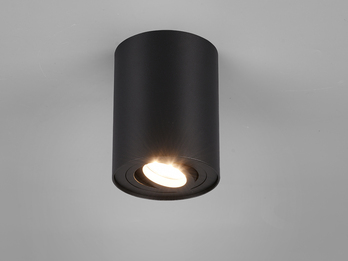 Runder LED Deckenstrahler mit einem schwenkbarem Spot, schwarz matt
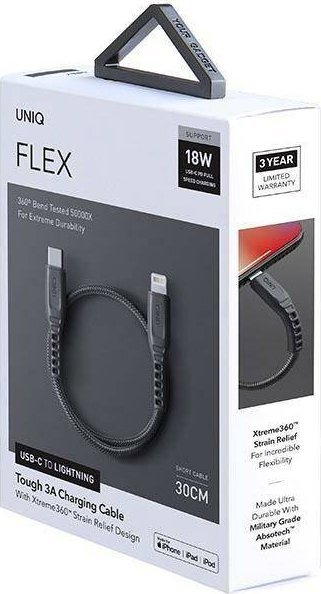 Kabllo USB UNIQ FLEX USB C në Lightning, 0.3 m, 18W PD, gri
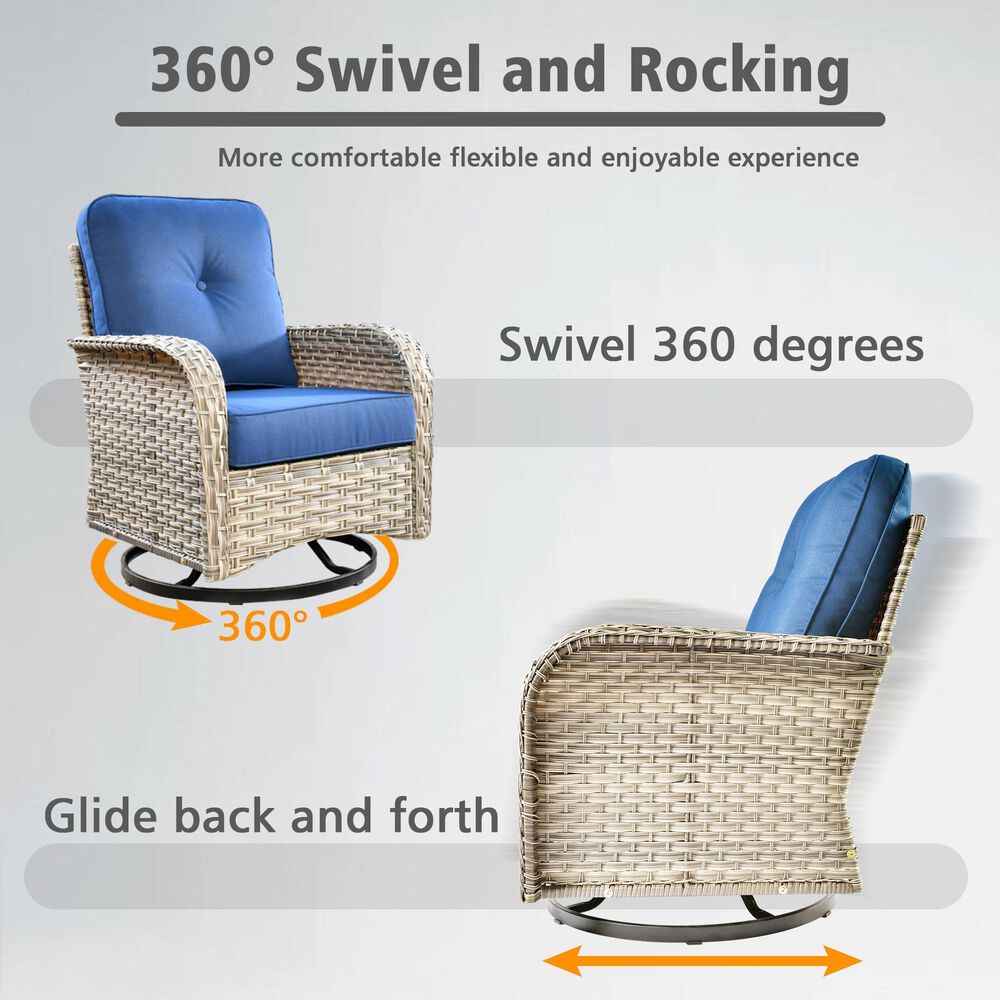 HOMLUX 9-Piece Modular Patio Conversation Set in Navy Blue, , large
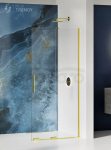 NEW TRENDY Kabina ścianka WALK-IN przesuwna SMART LIGHT GOLD 120X200 EXK-4297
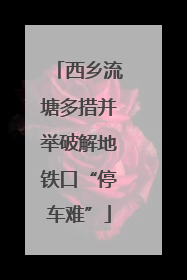 西乡流塘多措并举破解地铁口“停车难”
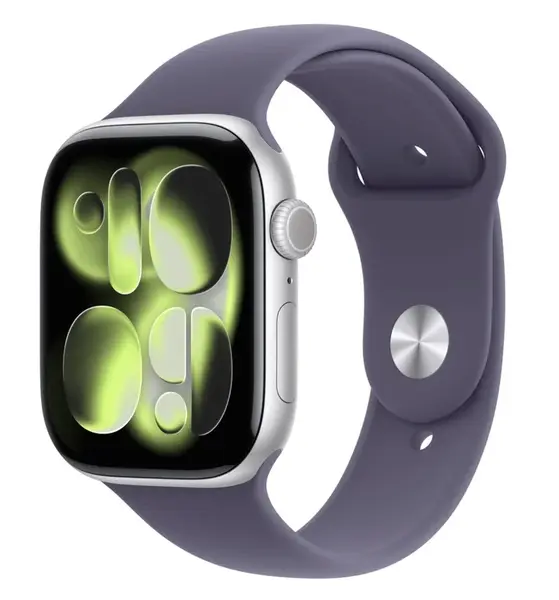 APPLE Watch 11 GPS 46mm Silver Aluminium Case with Purple Fog Sport Band - S/M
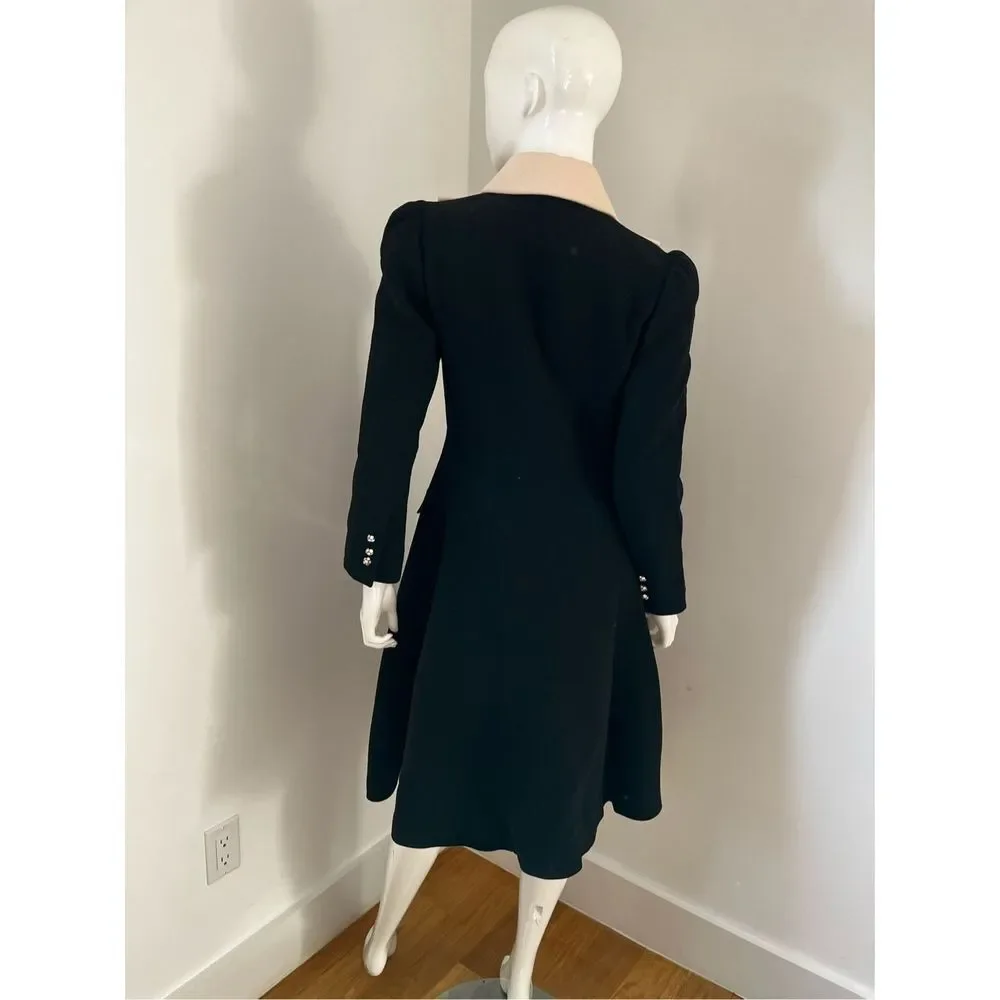 Black Baby Doll Bib Long Coat Sz XS 100% Wool Mushroom Bejeweled Buttons - Picture 9 of 11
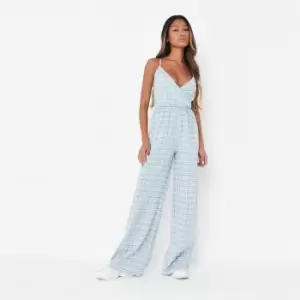 Missguided Front Wide Leg Jumpsuit Check - Blue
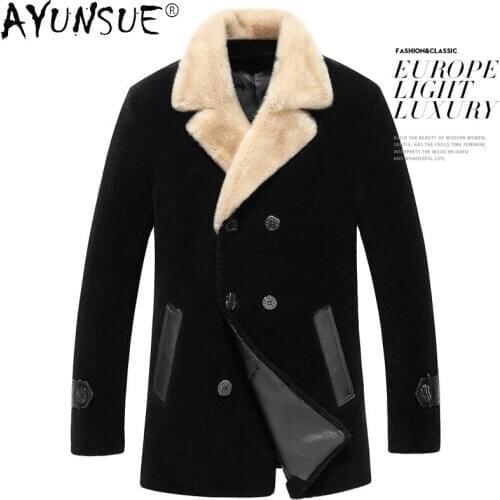 AYUNSUE Real Fur Coat Men Autumn Winter Male Jacket Mink Fur Collar 80% Wool Mens Jackets and Coats Plus Size 4xl Casual 2021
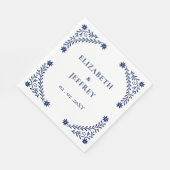 Elegant Boho Navy Floral Wedding Serviette (Ecke)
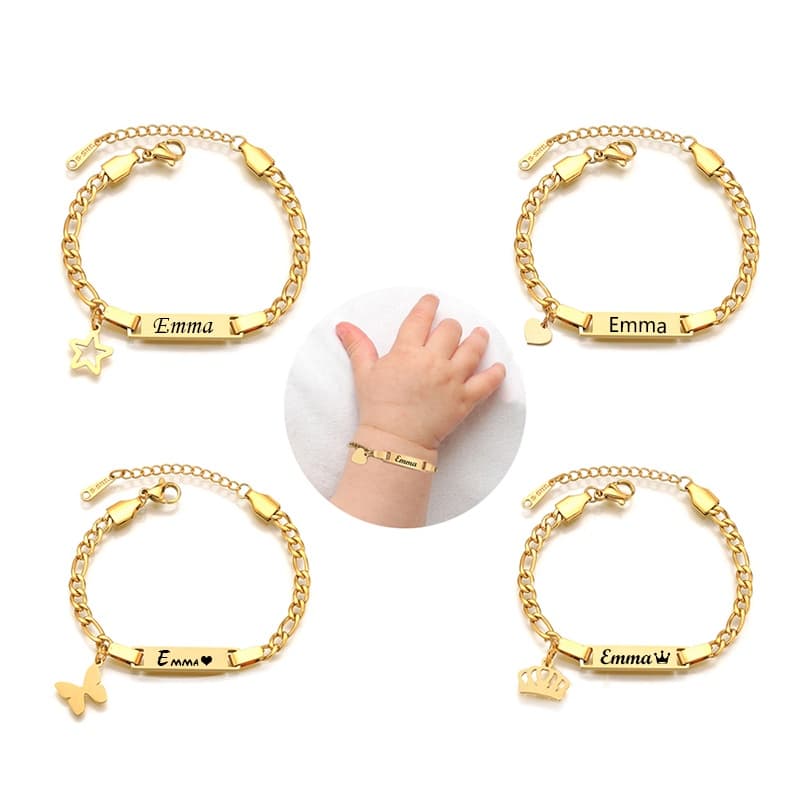 Personalizada Com Nome De Bebê Bar De Aço Inoxidável Em Forma De Coração Estrela De Coroa Garota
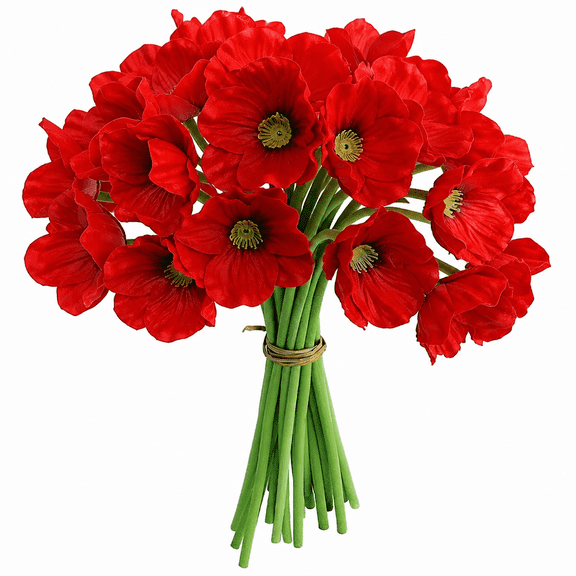 RAIRSKY 10 Pcs Artificial Poppies,13'' Realistic Latex Poppy Flocking Long Stem Flowers for Home Wedding Party Decor,Floral Arrangements,Centerpieces(Red)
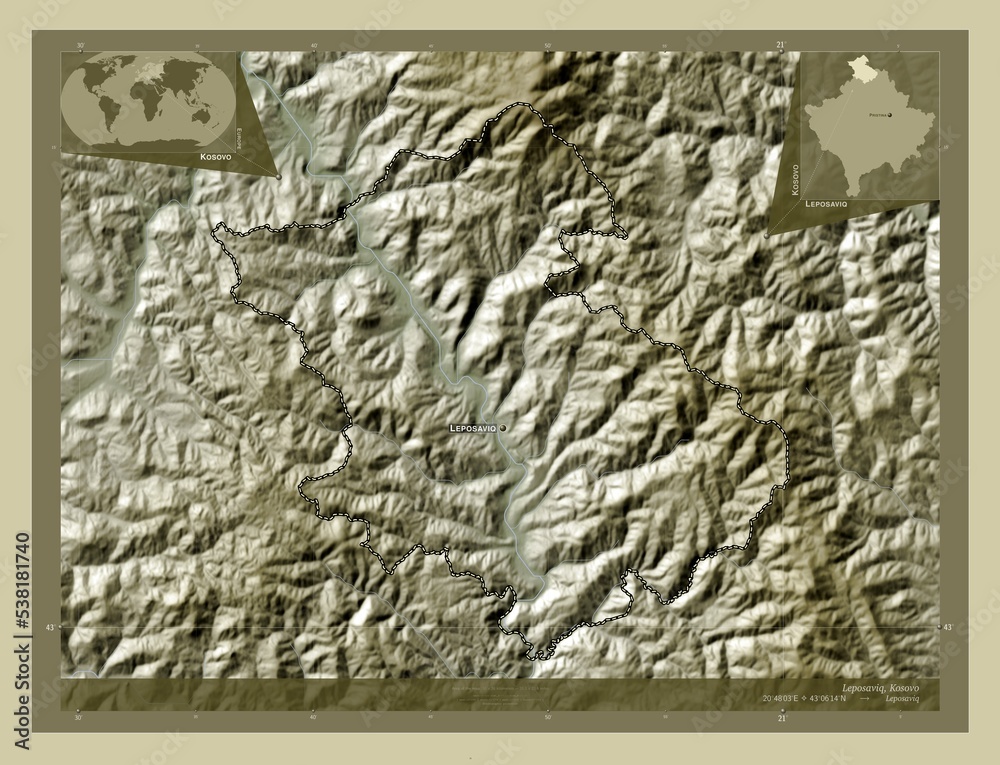 Obraz premium Leposaviq, Kosovo. Labelled points of cities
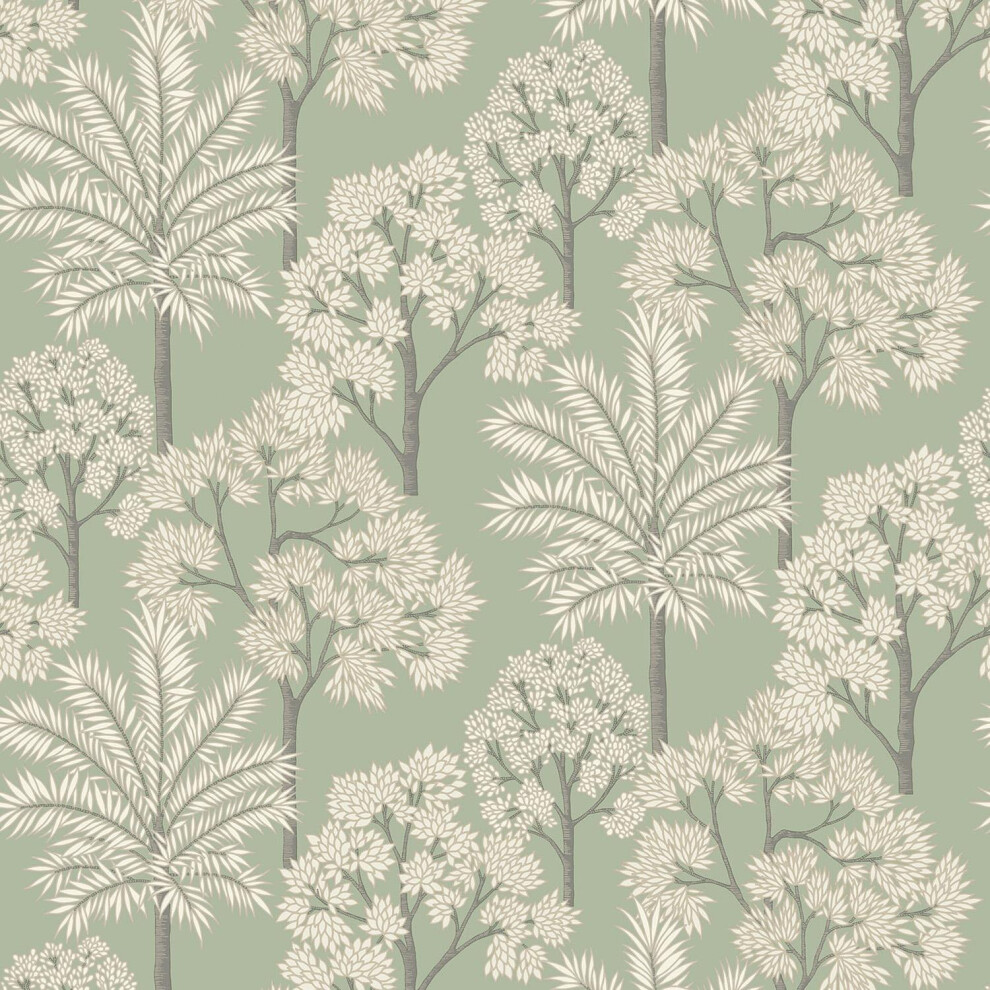 Grandeco Palm Forest Sage Green Wallpaper Metallic Leaves Vinyl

● ● ●

In the copy, include every record exactly and no pictures at all.

Answer box:
 Runder LED Deckenstrahler mit einem schwenkbarem Spot, schwarz matt
 Kabllo USB UNIQ FLEX USB C në Lightning, 0.3 m, 18W PD, gri
 HOMLUX 9-Piece Modular Patio Conversation Set in Navy Blue, , large
 NEW TRENDY Kabina ścianka WALK-IN przesuwna SMART LIGHT GOLD 120X200 EXK-4297
 西乡流塘多措并举破解地铁口“停车难”
 APPLE Watch 11 GPS 46mm Silver Aluminium Case with Purple Fog Sport Band - S/M
 Black Baby Doll Bib Long Coat Sz XS 100% Wool Mushroom Bejeweled Buttons - Picture 9 of 11
 Missguided Front Wide Leg Jumpsuit Check - Blue
 AYUNSUE Real Fur Coat Men Autumn Winter Male Jacket Mink Fur Collar 80% Wool Mens Jackets and Coats Plus Size 4xl Casual 2021
 Elegant Boho Navy Floral Wedding Serviette (Ecke)
 Personalizada Com Nome De Bebê Bar De Aço Inoxidável Em Forma De Coração Estrela De Coroa Garota
 RAIRSKY 10 Pcs Artificial Poppies,13'' Realistic Latex Poppy Flocking Long Stem Flowers for Home Wedding Party Decor,Floral Arrangements,Centerpieces(Red)
 Obraz premium Leposaviq, Kosovo. Labelled points of cities
 Grandeco Palm Forest Sage Green Wallpaper Metallic Leaves Vinyl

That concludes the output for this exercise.